Directions >>
Please write out only the lines from the line with "Covor 71481 Bej Gri ieftin [6]" to the line with "infiniticoach's tweet image.", inclusive, exactly as they stand below, without the pictures.

Dataset extract >>
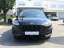 Ford Kuga ST Line X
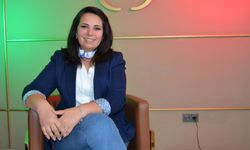 Çocuklarda terleme her zaman hastalık belirtisi değil
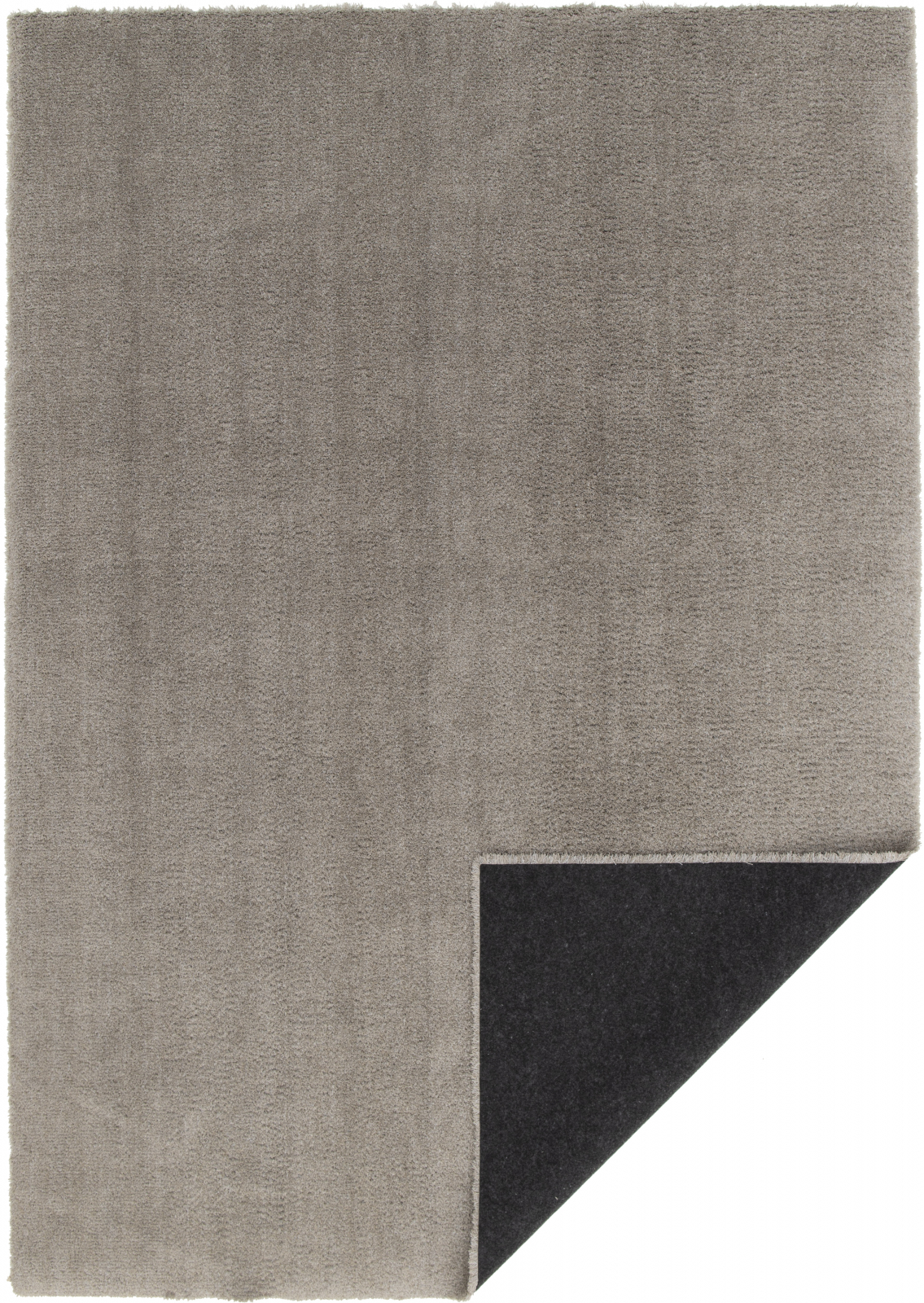 Covor 71481 Bej Gri ieftin [6]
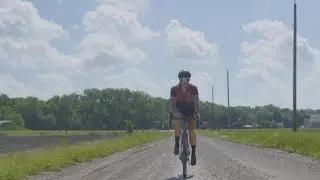 Стоит того: Dirty Kanza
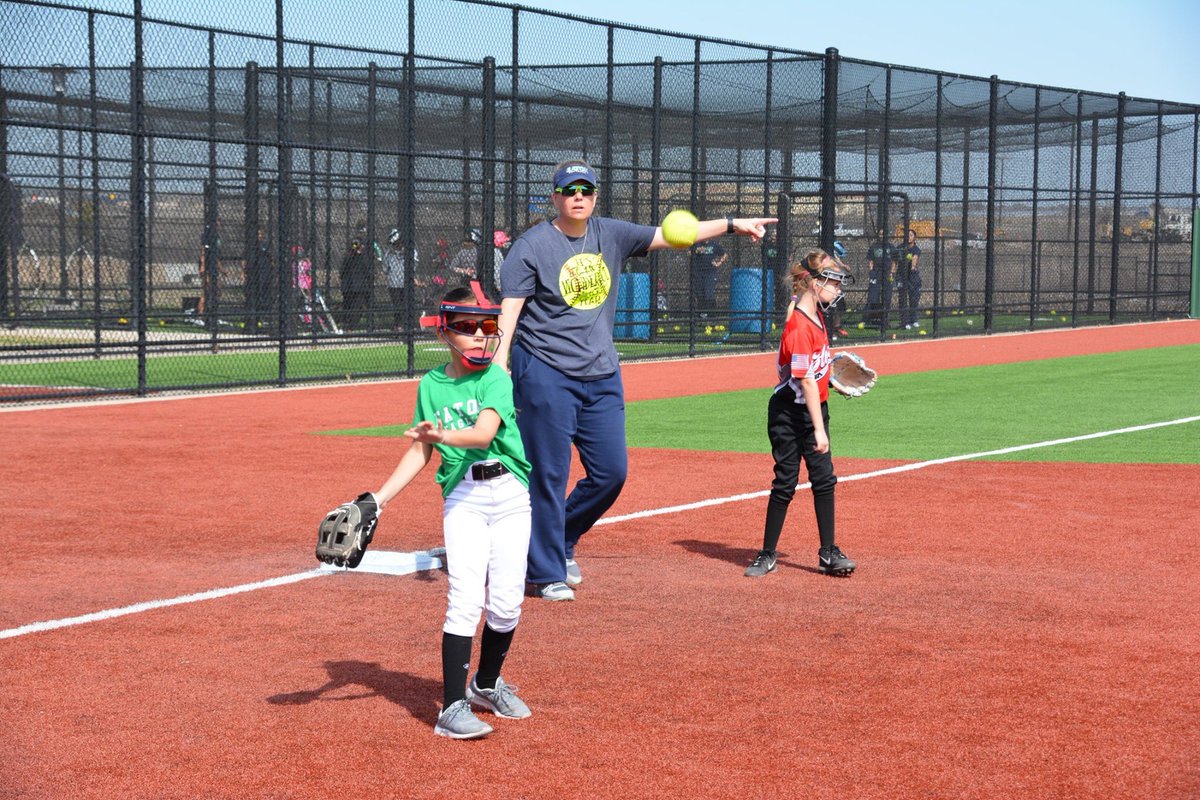 infiniticoach's tweet image. Challenge accepted &amp;amp; I donated $20 to an Animal Shelter.     
New challenge alert! Once you R nominated U have 24 hours to respond or U donate $20 to charity. U then nominate 4 coaches. U have to post a picture of U coaching. @Rusty__Johnson @CKT_23 @Blbarnhill  @eatoneaglepride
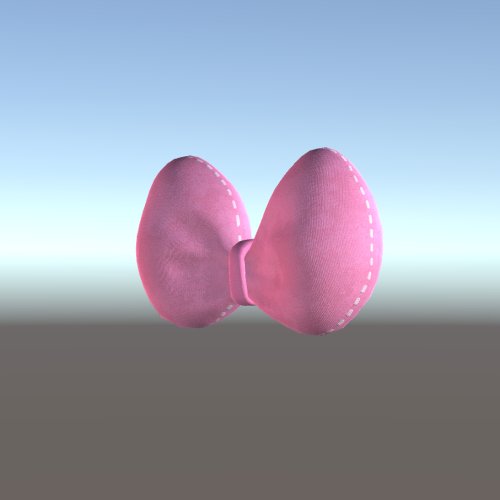 商品画像 2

Result for this task >>
 Covor 71481 Bej Gri ieftin [6]
 Стоит того: Dirty Kanza
 infiniticoach's tweet image. Challenge accepted &amp;amp; I donated $20 to an Animal Shelter.     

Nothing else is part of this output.